Suppose that we chose values of \( \alpha \) and \( \beta \) so that the beta prior is indicative of our degree of belief regarding \( p \) in the absence of data
Then using the rule that \[ \mbox{Posterior} \propto \mbox{Likelihood} \times \mbox{Prior} \] and throwing out anything that doesn't depend on \( p \), we have that \[ \begin{align} \mbox{Posterior} &\propto p^x(1 - p)^{n-x} \times p^{\alpha -1} (1 - p)^{\beta - 1} \\ & = p^{x + \alpha - 1} (1 - p)^{n - x + \beta - 1} \end{align} \]
This density is just another beta density with parameters \( \tilde \alpha = x + \alpha \) and \( \tilde \beta = n - x + \beta \)

Posterior mean

\[ \begin{align} E[p ~|~ X] & = \frac{\tilde \alpha}{\tilde \alpha + \tilde \beta}\\ \\ & = \frac{x + \alpha}{x + \alpha + n - x + \beta}\\ \\ & = \frac{x + \alpha}{n + \alpha + \beta} \\ \\ & = \frac{x}{n} \times \frac{n}{n + \alpha + \beta} + \frac{\alpha}{\alpha + \beta} \times \frac{\alpha + \beta}{n + \alpha + \beta} \\ \\ & = \mbox{MLE} \times \pi + \mbox{Prior Mean} \times (1 - \pi) \end{align} \]

Thoughts

The posterior mean is a mixture of the MLE (\( \hat p \)) and the prior mean
\( \pi \) goes to \( 1 \) as \( n \) gets large; for large \( n \) the data swamps the prior
For small \( n \), the prior mean dominates
Generalizes how science should ideally work; as data becomes increasingly available, prior beliefs should matter less and less
With a prior that is degenerate at a value, no amount of data can overcome the prior

Example

Suppose that in a random sample of an at-risk population \( 13 \) of \( 20 \) subjects had hypertension. Estimate the prevalence of hypertension in this population.
\( x = 13 \) and \( n=20 \)
Consider a uniform prior, \( \alpha = \beta = 1 \)
The posterior is proportional to (see formula above) \[ p^{x + \alpha - 1} (1 - p)^{n - x + \beta - 1} = p^x (1 - p)^{n-x} \] That is, for the uniform prior, the posterior is the likelihood
Consider the instance where \( \alpha = \beta = 2 \) (recall this prior is humped around the point \( .5 \)) the posterior is \[ p^{x + \alpha - 1} (1 - p)^{n - x + \beta - 1} = p^{x + 1} (1 - p)^{n-x + 1} \]
The “Jeffrey's prior” which has some theoretical benefits puts \( \alpha = \beta = .5 \)
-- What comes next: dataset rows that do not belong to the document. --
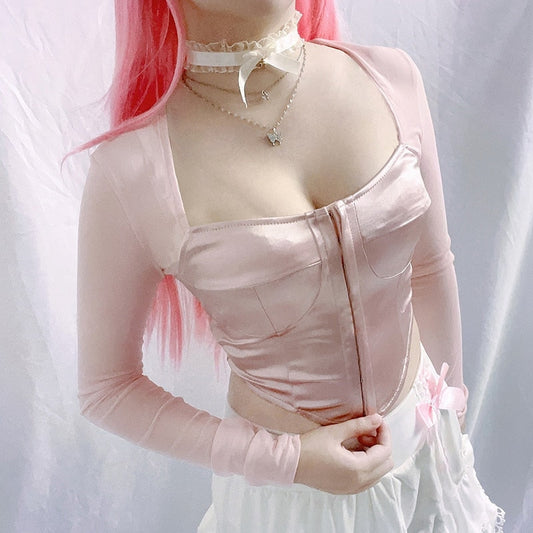 Long Sleeve Satin Bustier - coquette, dollette, fae, faecore, fairycore Kawaii Babe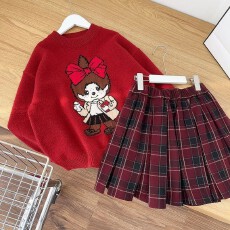 批发拜年服<b class='q'>女童</b>套<b class='q'>装</b>儿童秋冬装小女孩洋气时髦2025新款红色童装两件套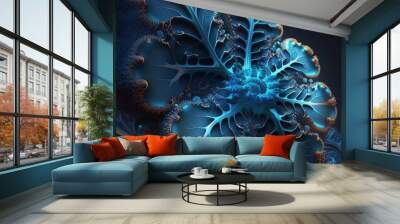 surreal background with floral ornaments, ice fractal sculpture in blue tones, fantasy alien plant, filigree organic shape, generative ai Wall mural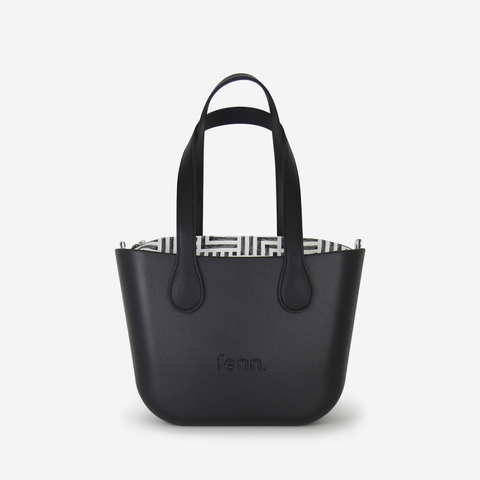 Petite Handbag - Black - Geometric Inner - Black Handle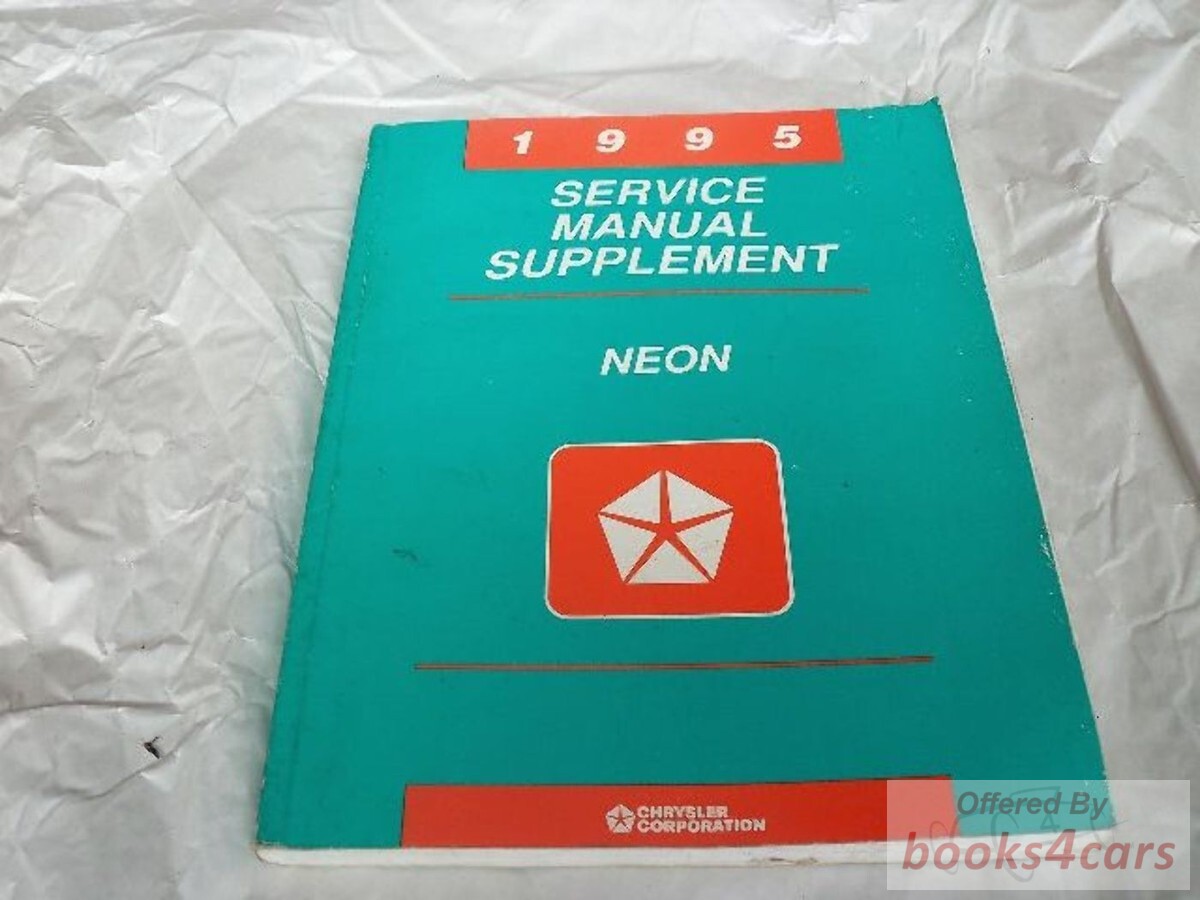 view cover of 1995 Neon Shop Service Repair Manual Supplement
pvals <- seq(0.01, 0.99, length = 1000)
x <- 13; n <- 20
myPlot <- function(alpha, beta){
    plot(0 : 1, 0 : 1, type = "n", xlab = "p", ylab = "", frame = FALSE)
    lines(pvals, dbeta(pvals, alpha, beta) / max(dbeta(pvals, alpha, beta)), 
            lwd = 3, col = "darkred")
    lines(pvals, dbinom(x,n,pvals) / dbinom(x,n,x/n), lwd = 3, col = "darkblue")
    lines(pvals, dbeta(pvals, alpha+x, beta+(n-x)) / max(dbeta(pvals, alpha+x, beta+(n-x))),
        lwd = 3, col = "darkgreen")
    title("red=prior,green=posterior,blue=likelihood")
}
manipulate(
    myPlot(alpha, beta),
    alpha = slider(0.01, 100, initial = 1, step = .5),
    beta = slider(0.01, 100, initial = 1, step = .5)
    )

Credible intervals

A Bayesian credible interval is the Bayesian analog of a confidence interval
A \( 95\% \) credible interval, \( [a, b] \) would satisfy \[ P(p \in [a, b] ~|~ x) = .95 \]
The best credible intervals chop off the posterior with a horizontal line in the same way we did for likelihoods
These are called highest posterior density (HPD) intervals

Getting HPD intervals for this example

Install the \texttt{binom} package, then the command

library(binom)
binom.bayes(13, 20, type = "highest")

  method  x  n shape1 shape2   mean  lower  upper  sig
1  bayes 13 20   13.5    7.5 0.6429 0.4423 0.8361 0.05

gives the HPD interval.

The default credible level is \( 95\% \) and the default prior is the Jeffrey's prior.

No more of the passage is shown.